Retype the records below exactly as they stand, but with no images.

::::::::

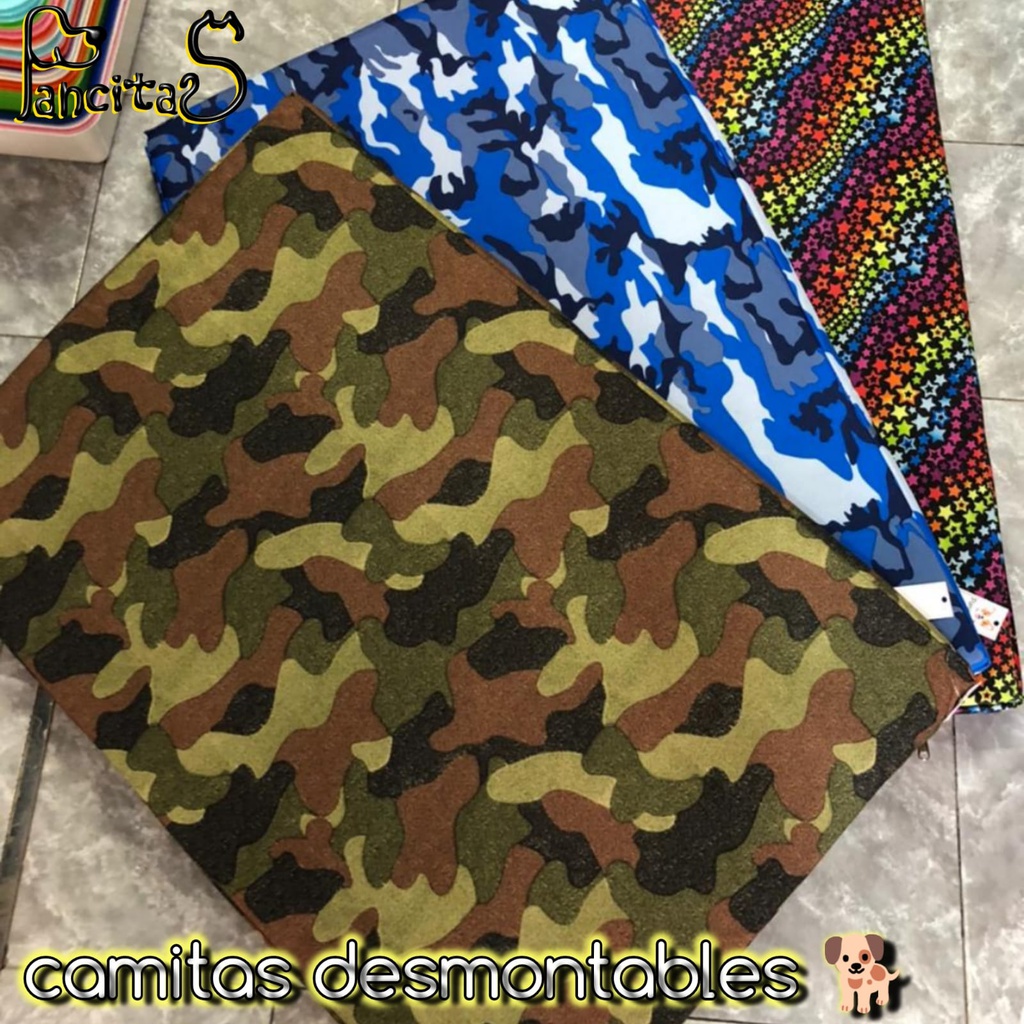 COLCHONETA PLACA IMPERMEABLE/CUERINA MEDIANA 90X60X5 PNC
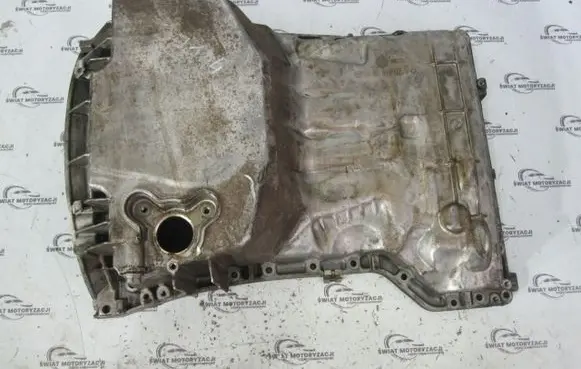 Mercedes-Benz E W212 Oil sump 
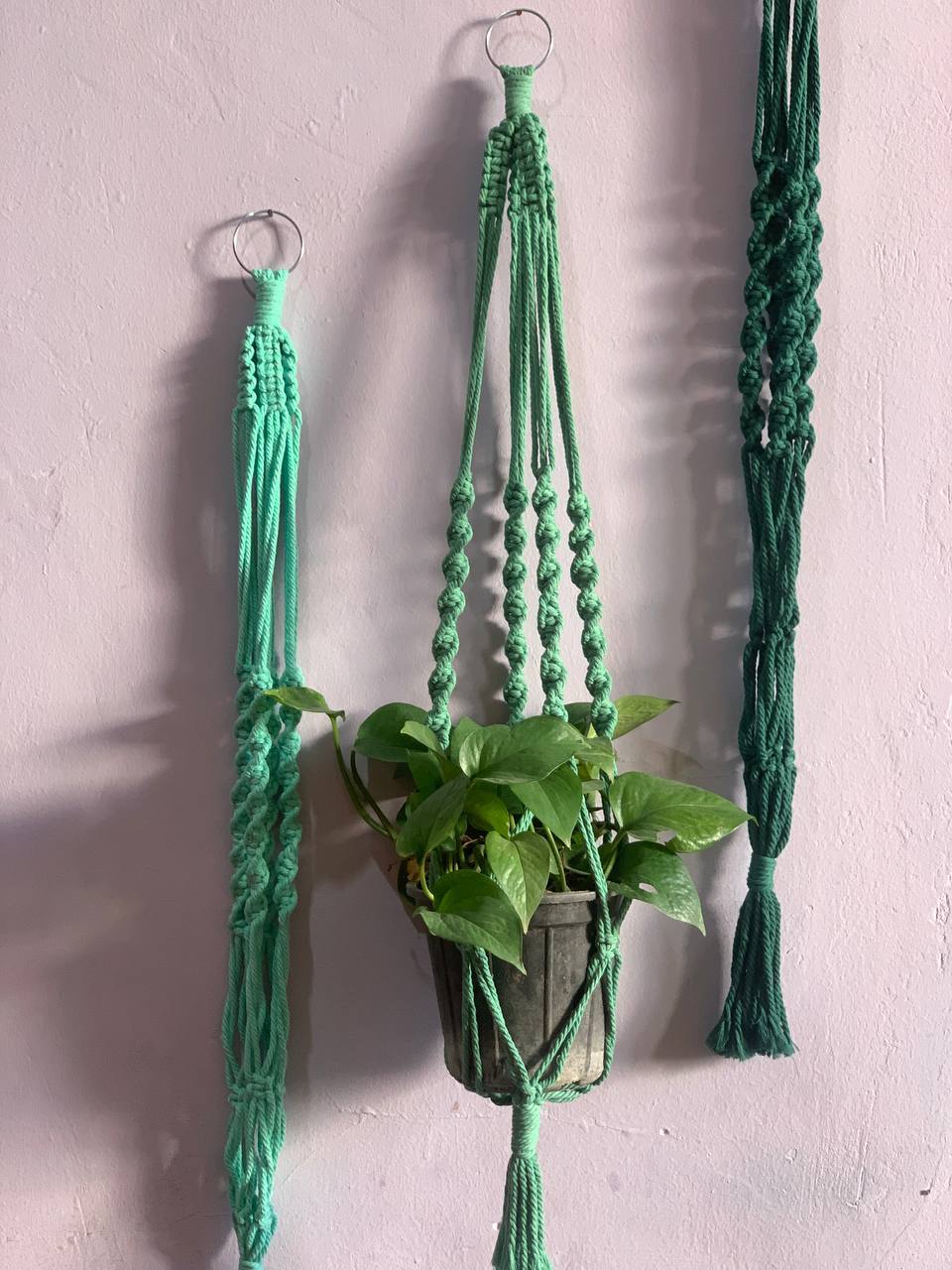 آویز گلدون طرح پیچ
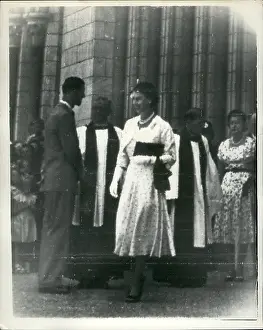 Archdeacon: Queen Elizabeth II and Duke of Edinburgh, Nelson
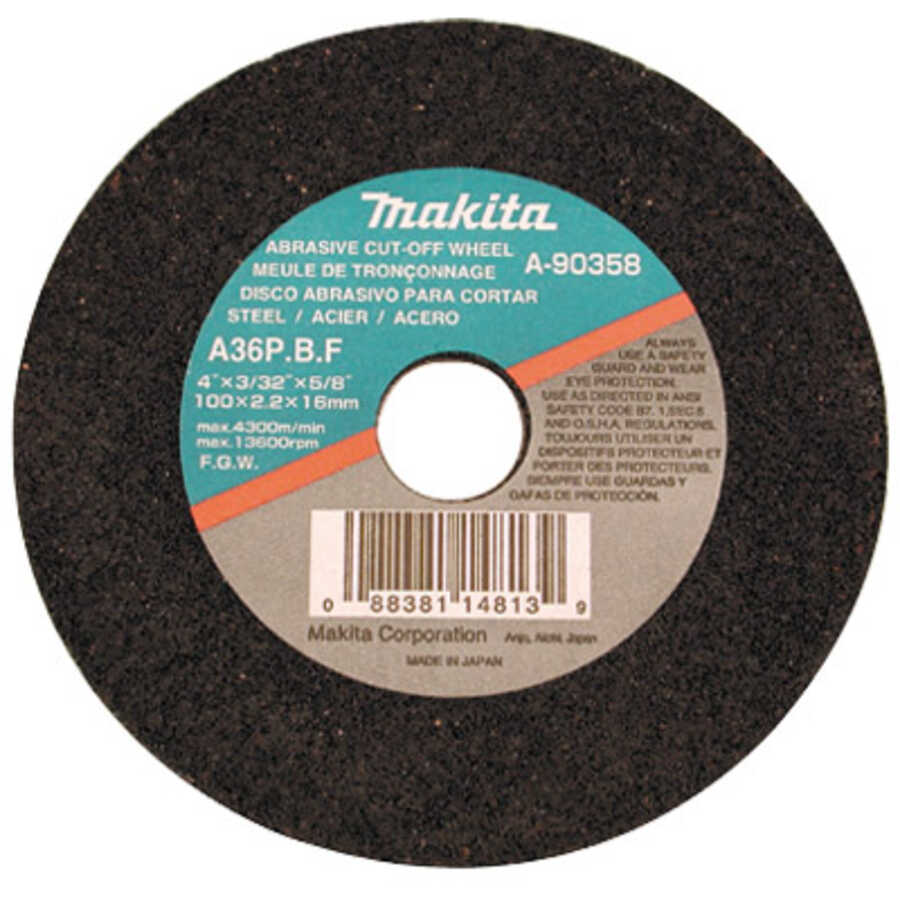 4" Cut-Off Wheel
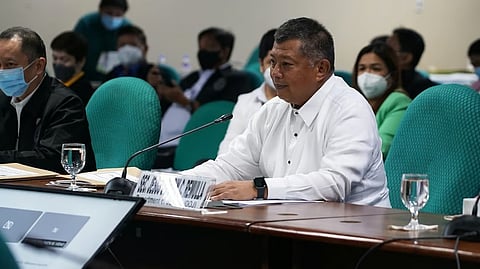 Secretary Jesus Crispin Remulla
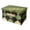 Green, variant on Stackable Storage Drawers Fabric Stackable Large Capacity Drawer Wardrobe Storage Box Foldable Storage Box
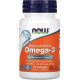 Омега-3 Now Foods Omega-3 30 гел капс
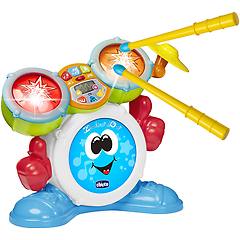 Chicco Ch Gioco Rocky La Batteria Batteria Musicale Interattiva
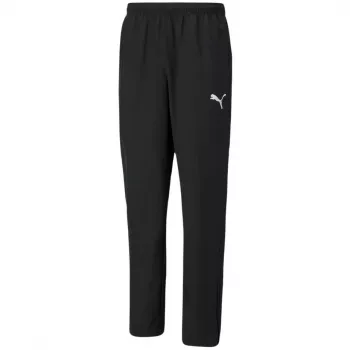 PUMA teamRISE Sideline Hose Herren Tapered Trainingshose Schwarz Größe S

::::::::

◆ **ANSWER BELOW**:
 COLCHONETA PLACA IMPERMEABLE/CUERINA MEDIANA 90X60X5 PNC
 Mercedes-Benz E W212 Oil sump 
 آویز گلدون طرح پیچ
 Archdeacon: Queen Elizabeth II and Duke of Edinburgh, Nelson
 4" Cut-Off Wheel
 Secretary Jesus Crispin Remulla
 Green, variant on Stackable Storage Drawers Fabric Stackable Large Capacity Drawer Wardrobe Storage Box Foldable Storage Box
 Омега-3 Now Foods Omega-3 30 гел капс
 Chicco Ch Gioco Rocky La Batteria Batteria Musicale Interattiva
 PUMA teamRISE Sideline Hose Herren Tapered Trainingshose Schwarz Größe S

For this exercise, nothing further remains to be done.